Nach dem Rating-Urteil von Standard & Poor's könnte Deutschland für den europäischen Rettungsfonds EFSF ein höherer Beitrag abverlangt werden.
Nach dem Rating-Urteil der US-Ratingagentur Standard & Poor's (S&P) könnte Deutschland für den europäischen Rettungsfonds EFSF ein höherer Beitrag abverlangt werden. Der niederländische Ministerpräsident Mark Rutte sagte am Sonntag, mit dem Verlust des Spitzenratings für Frankreich stelle sich für Niederländer wie Deutsche die Frage, was sie nun für den vorläufigen Rettungsschirm tun müssten. Die Ratingagentur machte die Kreditwürdigkeit des Fonds davon abhängig, ob nach dem Ausfall Staaten wie Deutschland in die Bresche springen. "Entweder muss man die Hilfen der verbleibenden vier AAA-Bürgen erhöhen oder man muss zusätzliche Geldpuffer aufbringen", sagte der bei S&P für die Länder-Ratings zuständige John Chambers.
Die deutsche Bundeskanzlerin Angela Merkel, die ebenso wie die französische Regierung die Bedeutung der Herabstufung herunterzuspielen versuchte, wies neue Forderungen an Deutschland zurück. Sie befürchte durch das Rating-Urteil keine Folgen für den EFSF und erwarte weder Handlungsbedarf noch Zusatzkosten für Deutschland. "Dies wird die Arbeit des EFSF jetzt nicht torpedieren", erklärte sie in Kiel.

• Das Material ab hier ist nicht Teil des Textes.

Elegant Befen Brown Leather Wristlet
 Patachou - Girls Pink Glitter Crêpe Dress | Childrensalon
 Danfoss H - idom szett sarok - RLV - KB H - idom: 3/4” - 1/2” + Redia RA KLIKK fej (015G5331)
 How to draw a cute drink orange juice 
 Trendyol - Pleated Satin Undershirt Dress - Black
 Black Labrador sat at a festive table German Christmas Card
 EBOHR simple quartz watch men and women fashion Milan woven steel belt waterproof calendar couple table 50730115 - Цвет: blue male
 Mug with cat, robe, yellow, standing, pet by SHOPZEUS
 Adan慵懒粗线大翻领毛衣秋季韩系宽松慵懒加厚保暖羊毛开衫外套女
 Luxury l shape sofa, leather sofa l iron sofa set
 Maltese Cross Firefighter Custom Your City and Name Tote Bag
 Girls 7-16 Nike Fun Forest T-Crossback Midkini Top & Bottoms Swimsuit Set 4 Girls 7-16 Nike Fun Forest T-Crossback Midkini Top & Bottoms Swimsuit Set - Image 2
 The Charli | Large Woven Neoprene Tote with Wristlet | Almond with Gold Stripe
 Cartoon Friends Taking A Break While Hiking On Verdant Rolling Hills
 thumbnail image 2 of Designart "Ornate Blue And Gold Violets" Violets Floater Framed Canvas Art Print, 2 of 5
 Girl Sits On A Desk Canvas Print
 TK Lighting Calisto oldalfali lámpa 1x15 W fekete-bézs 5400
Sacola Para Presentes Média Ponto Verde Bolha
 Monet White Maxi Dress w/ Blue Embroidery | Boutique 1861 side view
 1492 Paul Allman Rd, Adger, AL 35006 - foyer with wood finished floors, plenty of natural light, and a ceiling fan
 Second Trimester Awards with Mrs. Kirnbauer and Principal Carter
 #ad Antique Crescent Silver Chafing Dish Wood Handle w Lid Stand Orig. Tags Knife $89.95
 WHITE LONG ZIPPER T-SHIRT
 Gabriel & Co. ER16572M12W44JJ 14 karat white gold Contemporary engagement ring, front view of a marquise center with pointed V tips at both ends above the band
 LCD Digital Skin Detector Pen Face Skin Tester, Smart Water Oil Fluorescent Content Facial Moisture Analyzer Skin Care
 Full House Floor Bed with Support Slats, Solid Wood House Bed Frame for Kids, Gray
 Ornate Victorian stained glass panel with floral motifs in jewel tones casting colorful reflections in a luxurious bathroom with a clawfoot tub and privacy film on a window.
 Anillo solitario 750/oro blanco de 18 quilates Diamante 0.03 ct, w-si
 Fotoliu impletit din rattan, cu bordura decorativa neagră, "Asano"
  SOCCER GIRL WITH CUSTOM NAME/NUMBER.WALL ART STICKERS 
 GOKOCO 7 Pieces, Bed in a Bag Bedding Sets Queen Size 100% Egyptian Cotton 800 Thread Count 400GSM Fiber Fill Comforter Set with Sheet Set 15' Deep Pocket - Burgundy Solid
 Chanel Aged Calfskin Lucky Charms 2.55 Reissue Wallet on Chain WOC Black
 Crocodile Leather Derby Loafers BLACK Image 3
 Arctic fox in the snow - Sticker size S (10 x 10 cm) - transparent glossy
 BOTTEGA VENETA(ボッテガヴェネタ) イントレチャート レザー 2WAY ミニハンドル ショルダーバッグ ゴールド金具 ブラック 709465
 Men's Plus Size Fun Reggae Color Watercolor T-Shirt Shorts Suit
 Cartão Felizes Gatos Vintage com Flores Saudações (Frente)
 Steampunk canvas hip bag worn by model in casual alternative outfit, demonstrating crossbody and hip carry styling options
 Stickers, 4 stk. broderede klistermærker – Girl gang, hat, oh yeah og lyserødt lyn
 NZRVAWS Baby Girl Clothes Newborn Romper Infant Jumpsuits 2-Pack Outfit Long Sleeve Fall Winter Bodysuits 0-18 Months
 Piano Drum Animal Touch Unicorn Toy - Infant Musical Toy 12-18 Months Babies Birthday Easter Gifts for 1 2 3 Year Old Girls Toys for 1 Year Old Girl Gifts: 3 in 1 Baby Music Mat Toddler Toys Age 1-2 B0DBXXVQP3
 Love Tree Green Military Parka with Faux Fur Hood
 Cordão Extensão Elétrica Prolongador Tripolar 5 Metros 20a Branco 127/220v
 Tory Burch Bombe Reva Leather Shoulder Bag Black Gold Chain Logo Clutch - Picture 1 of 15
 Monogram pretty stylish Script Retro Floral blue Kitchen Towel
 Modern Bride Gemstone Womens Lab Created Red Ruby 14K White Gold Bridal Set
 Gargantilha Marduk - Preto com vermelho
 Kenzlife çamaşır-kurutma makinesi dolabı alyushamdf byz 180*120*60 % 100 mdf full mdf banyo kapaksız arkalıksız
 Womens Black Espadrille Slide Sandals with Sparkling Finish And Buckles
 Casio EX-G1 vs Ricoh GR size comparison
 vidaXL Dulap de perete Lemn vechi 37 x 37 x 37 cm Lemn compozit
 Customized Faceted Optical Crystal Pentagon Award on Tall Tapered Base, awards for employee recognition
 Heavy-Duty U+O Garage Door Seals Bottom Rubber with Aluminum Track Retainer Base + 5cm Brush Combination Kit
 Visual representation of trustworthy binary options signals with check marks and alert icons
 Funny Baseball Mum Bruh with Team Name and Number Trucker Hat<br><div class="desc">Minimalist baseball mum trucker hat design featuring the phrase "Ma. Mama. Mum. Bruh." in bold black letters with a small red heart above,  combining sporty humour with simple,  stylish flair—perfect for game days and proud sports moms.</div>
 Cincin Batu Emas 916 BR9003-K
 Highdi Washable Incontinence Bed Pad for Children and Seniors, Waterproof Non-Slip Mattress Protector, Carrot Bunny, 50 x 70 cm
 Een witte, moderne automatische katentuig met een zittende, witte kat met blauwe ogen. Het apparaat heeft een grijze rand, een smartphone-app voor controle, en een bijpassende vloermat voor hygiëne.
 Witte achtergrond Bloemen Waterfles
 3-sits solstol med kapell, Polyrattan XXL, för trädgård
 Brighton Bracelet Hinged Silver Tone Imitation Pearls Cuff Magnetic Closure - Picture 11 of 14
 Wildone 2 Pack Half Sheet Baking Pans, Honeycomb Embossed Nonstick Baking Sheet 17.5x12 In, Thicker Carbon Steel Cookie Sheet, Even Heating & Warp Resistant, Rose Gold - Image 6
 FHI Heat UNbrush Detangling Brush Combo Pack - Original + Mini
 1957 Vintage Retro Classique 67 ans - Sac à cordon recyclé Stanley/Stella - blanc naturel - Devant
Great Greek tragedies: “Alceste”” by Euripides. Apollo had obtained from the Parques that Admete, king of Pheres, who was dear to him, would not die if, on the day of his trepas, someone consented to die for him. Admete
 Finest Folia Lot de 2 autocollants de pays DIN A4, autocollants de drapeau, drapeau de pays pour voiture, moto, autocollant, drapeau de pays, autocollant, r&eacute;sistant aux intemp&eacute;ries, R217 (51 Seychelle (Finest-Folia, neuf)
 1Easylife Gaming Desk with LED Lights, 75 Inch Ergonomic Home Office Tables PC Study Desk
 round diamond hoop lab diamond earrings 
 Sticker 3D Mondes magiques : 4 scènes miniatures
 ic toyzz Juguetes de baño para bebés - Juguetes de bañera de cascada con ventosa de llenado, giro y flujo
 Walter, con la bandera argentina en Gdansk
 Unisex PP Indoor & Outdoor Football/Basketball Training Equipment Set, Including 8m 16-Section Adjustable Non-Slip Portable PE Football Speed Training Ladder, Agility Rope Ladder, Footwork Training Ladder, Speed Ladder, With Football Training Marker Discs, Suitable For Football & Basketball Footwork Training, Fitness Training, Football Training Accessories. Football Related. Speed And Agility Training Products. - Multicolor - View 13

Allein durch die Herabstufung Frankreichs reduziert sich die Kraft des EFSF nach Schätzungen um 20 Prozent auf 360 Mrd. Euro statt bislang 440 Mrd. Euro. Der EFSF nimmt Kapital am Markt auf, um angeschlagenen Euro-Mitgliedern wie Griechenland zu helfen. Dieses Geld ist am billigsten zu haben, wenn das Finanzpolster des Fonds und die Garantien der Geldgeber die beste Bonität haben. Mit Frankreich und Österreich drohen nun aber zwei AAA-Bürgen auszufallen, nachdem S&P am Freitagabend ihre Drohung wahr gemacht und ihre Bonitätsnote wie die für sieben weitere Euro-Staaten gesenkt hat.
Sarkozy schweigt demonstrativ
Frankreichs Präsident Nicolas Sarkozy begegnet dem Negativurteil der Ratingagentur mit demonstrativem Schweigen. Bei seinem ersten öffentlichen Auftritt nach der S&P-Entscheidung erwähnte der Staatschef die Herabstufung der französischen Kreditwürdigkeit am Sonntag mit keinem Wort. Erwähnung fand lediglich die europäische Schuldenkrise im Allgemeinen und die Situation in Frankreich. Sarkozy kündigte an, Ende des Monats weitere konkrete Reformschritte vorzustellen.
Merkel will statt eines höheren Beitrags zum EFSF eher eine schlechtere Note für den Fonds in Kauf nehmen, durch die sich die Kapitalaufnahme zwar verteuert, die finanzielle Schlagkraft jedoch erhalten werden könnte. Sie habe ohnehin nie verstanden, wieso der Euro-Rettungsschirm unbedingt ein AAA-Rating haben müsse, sagte sie in Kiel. Die Zinssätze für Anleihen des Fonds seien ohnehin schon etwas gestiegen. Deutsche-Bank-Chefvolkswirt Thomas Mayer geht davon aus, dass es darauf hinauslaufen wird. In der Folge des S&P-Urteils "dürfte der EFSF selbst auch seine AAA-Bewertung verlieren", schrieb er in einem Gastbeitrag für die "Bild am Sonntag". Das Risiko dabei sei aber: "Mit einem nur noch zweitrangigen Rating wird es für den EFSF schwierig, neue Investoren zu finden." S&P will bald entscheiden, ob der Fonds sein Spitzenrating behält.
Merkel drängte auf eine zügige Umsetzung des langfristigen Rettungsschirms ESM, der den EFSF ablösen soll, und rasche Beschlüsse für eine größere Haushaltsdisziplin in Europa. Nun müsse der Fiskalpakt noch schneller umgesetzt werden. Der Niederländer Rutte sagte nach einem Telefonat mit der Bundeskanzlerin, nun sei es um so dringender, den ESM zu installieren.
Darüber hinaus erwägt Merkel Gesetzesänderungen, um den Einfluss der Bonitätsnoten im Anlagegeschäft zu brechen. Dazu könnten Vorschriften zur Vermögensverwaltung gelockert werden. Die Politik müsse darauf achten, dass die mit einer Herabstufung verknüpften Folgen nicht mehr schadeten als nutzten. So bezeichnete sie die Vorschrift als "sehr sehr strikt", dass Versicherer Staatsanleihen mit einem bestimmten Rating nicht mehr kaufen dürfen. Hier sollte überlegt werden, "wo man hier gegebenenfalls Gesetzesänderungen machen könnte".